Depuis que le gouvernement De Croo a confirmé la loi de sortie du nucléaire la situation a changé et les rapports de force se sont inversés. D’autant plus que, depuis, l’énergie nucléaire ne s’inscrit plus dans la stratégie d’Engie qui s’oriente désormais vers des activités moins risquées telles que les énergies renouvelables et l’exploitation de réseaux énergétiques. Ce changement de cap a posé les bases d’une position nettement plus confortable pour la compagnie lors des négociations, surtout en sachant que la Belgique aurait probablement encore besoin des centrales nucléaires.

Maintenant que la Belgique doit effectivement aller à toquer à la porte Engie Electrabel, Paris peut fixer les conditions. Et ce, même si la France peut faire bon usage de l’énergie nucléaire belge, étant donné les problèmes actuels des centrales nucléaires françaises. La Belgique paie ainsi au prix fort ses années de manque de vision et de retard dans l’approvisionnement énergétique.

Nouvelle loi

D’autant plus que ce prix peut encore augmenter. La semaine dernière, une loi qui assure une meilleure protection de la provision servant à financer le passif nucléaire a été publiée au Moniteur belge. Jusqu’à récemment, Synatom, société de provision nucléaire et la filiale d’Engie qui gère ce pot d’épargne, était autorisée à prêter 70 % des provisions déjà constituées à Engie Electrabel. Les spécialistes décrivent ce prêt comme un crédit de caisse à Engie Electrabel, sans garantie. La nouvelle loi impose à Engie Electrabel de rembourser intégralement ces prêts d’ici à 2030. La Nuclear Utilities Commission se voit également conférer le pouvoir d’empêcher Engie Electrabel de devenir une coquille vide.

Aujourd’hui, il n’est pas clair dans quelle mesure cette loi sera maintenue. La nouvelle loi prévoyait également, par exemple, que les exploitants resteraient responsables des coûts supplémentaires liés au démantèlement des installations et à l’élimination des déchets. Mais on ne trouve nulle trace de ce passage lors de la publication vendredi dernier au Moniteur belge.

La déclaration d’intention entre Engie et le gouvernement comporte d’autres points faibles.
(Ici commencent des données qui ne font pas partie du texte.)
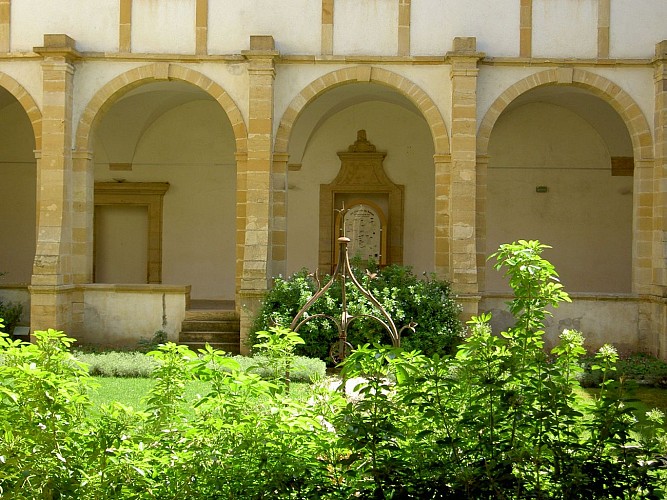Jardin du Cloître, Paray-le-Monial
Qui, par exemple, interviendra si la provision ne rapporte pas un rendement suffisant pour équilibrer le financement ? Ce risque d’investissement sera couvert par le gouvernement ou Engie Electrabel ? Et à quel prix les centrales nucléaires seront-elles transférées à la nouvelle société ? Quelle sera la rémunération d’Engie Electrabel en tant qu’exploitant des centrales nucléaires ? Pour Engie, un gros contrat est le meilleur moyen de laisser une grande partie des risques au gouvernement. Ces détails ont donc tout intérêt à être réglés en faveur du gouvernement.